§ **What the task asks**
Taking the line with "Good Recovery Affirmation" as the first and the line with "Выключатель 1-кл. СП" as the last, set down exactly every line in that range from the entries below, and no more.

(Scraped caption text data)
########

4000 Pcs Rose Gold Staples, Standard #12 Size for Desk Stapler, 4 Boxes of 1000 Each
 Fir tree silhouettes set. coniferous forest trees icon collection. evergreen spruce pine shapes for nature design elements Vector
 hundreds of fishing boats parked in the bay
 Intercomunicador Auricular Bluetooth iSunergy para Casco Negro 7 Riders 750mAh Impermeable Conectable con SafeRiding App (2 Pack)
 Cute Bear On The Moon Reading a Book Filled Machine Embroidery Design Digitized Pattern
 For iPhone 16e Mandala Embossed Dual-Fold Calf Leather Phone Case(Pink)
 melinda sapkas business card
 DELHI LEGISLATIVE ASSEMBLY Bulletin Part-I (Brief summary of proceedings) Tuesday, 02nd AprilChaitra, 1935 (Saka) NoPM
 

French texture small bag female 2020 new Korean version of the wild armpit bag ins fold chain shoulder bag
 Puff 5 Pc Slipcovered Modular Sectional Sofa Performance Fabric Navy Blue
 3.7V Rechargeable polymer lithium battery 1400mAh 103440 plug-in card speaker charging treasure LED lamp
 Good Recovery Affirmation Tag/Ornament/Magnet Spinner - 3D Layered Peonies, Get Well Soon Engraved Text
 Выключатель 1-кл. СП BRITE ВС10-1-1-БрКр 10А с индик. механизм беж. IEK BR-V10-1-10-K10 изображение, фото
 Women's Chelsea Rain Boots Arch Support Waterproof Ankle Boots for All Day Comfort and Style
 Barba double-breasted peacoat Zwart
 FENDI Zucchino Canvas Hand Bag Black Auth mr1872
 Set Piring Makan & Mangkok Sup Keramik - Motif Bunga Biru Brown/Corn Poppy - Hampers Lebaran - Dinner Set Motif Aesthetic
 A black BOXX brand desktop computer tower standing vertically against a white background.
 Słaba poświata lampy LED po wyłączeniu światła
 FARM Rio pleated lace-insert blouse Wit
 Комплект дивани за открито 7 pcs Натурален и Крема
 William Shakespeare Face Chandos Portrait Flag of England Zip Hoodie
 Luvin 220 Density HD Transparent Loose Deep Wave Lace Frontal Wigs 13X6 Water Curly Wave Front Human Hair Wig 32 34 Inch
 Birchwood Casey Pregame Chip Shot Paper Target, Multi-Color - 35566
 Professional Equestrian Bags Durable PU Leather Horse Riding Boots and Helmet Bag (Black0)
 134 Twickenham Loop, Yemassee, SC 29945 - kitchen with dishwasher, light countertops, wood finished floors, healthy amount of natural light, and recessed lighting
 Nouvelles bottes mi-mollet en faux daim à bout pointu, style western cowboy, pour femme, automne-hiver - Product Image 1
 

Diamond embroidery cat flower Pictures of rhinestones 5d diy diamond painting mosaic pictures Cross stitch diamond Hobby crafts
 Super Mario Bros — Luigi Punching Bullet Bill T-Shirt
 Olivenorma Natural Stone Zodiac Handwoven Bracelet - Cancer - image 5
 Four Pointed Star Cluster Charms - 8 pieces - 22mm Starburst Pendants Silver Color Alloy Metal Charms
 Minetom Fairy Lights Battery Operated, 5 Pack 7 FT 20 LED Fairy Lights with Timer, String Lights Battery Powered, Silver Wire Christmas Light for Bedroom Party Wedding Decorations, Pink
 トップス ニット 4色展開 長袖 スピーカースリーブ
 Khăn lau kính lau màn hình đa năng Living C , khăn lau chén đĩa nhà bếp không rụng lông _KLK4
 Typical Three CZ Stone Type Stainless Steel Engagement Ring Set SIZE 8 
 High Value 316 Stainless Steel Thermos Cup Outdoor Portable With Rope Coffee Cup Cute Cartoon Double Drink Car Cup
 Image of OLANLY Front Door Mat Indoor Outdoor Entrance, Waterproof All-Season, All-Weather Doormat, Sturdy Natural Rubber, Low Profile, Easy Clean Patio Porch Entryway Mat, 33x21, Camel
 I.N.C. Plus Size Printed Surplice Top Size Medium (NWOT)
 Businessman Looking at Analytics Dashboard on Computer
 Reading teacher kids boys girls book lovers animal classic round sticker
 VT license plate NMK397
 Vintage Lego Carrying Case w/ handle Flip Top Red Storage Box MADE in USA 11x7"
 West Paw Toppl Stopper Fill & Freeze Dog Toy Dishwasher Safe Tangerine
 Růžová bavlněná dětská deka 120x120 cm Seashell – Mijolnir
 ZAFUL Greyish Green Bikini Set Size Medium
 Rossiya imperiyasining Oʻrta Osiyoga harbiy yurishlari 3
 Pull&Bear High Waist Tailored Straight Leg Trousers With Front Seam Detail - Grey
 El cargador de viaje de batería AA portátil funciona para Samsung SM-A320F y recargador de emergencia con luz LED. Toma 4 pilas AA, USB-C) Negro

########

§ **Completed task**
 Good Recovery Affirmation Tag/Ornament/Magnet Spinner - 3D Layered Peonies, Get Well Soon Engraved Text
 Выключатель 1-кл. СП BRITE ВС10-1-1-БрКр 10А с индик. механизм беж. IEK BR-V10-1-10-K10 изображение, фото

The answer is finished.